Problem description » Find the line with "Custom & Collectable" and the line with "Top Boho chic, besticktes Top - rot" in the entries below; output exactly those two lines, every line between them, and no others.

Dataset extract »
____

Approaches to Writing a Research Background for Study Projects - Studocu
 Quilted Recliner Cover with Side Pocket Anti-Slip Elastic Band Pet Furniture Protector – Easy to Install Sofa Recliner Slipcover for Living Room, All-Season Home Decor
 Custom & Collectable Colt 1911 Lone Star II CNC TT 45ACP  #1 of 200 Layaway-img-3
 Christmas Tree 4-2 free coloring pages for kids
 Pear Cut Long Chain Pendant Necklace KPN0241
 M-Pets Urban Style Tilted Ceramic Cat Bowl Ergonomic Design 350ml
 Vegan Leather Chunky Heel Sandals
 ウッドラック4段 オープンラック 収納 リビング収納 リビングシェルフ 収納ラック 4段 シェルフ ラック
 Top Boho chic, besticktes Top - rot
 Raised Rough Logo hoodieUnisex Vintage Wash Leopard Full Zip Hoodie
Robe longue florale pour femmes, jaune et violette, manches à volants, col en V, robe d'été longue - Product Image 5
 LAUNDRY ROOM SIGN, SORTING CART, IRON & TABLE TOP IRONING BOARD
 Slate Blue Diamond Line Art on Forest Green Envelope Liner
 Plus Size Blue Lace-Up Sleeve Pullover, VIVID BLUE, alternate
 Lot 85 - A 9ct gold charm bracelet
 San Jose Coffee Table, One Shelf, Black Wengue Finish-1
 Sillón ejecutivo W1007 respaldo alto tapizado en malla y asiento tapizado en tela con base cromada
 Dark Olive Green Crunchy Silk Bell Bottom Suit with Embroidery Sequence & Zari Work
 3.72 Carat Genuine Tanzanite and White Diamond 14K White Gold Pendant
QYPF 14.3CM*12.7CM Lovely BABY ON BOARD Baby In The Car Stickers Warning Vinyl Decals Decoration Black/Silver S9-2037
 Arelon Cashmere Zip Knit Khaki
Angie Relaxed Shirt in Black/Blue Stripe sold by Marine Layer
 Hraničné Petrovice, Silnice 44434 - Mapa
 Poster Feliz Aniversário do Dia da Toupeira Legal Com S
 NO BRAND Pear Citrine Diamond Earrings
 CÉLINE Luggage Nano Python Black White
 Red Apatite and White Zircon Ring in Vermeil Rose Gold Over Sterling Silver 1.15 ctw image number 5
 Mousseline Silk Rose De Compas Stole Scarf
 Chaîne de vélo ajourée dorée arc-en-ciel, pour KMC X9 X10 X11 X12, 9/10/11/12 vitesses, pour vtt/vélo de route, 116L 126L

____

Exercise result »
 Custom & Collectable Colt 1911 Lone Star II CNC TT 45ACP  #1 of 200 Layaway-img-3
 Christmas Tree 4-2 free coloring pages for kids
 Pear Cut Long Chain Pendant Necklace KPN0241
 M-Pets Urban Style Tilted Ceramic Cat Bowl Ergonomic Design 350ml
 Vegan Leather Chunky Heel Sandals
 ウッドラック4段 オープンラック 収納 リビング収納 リビングシェルフ 収納ラック 4段 シェルフ ラック
 Top Boho chic, besticktes Top - rot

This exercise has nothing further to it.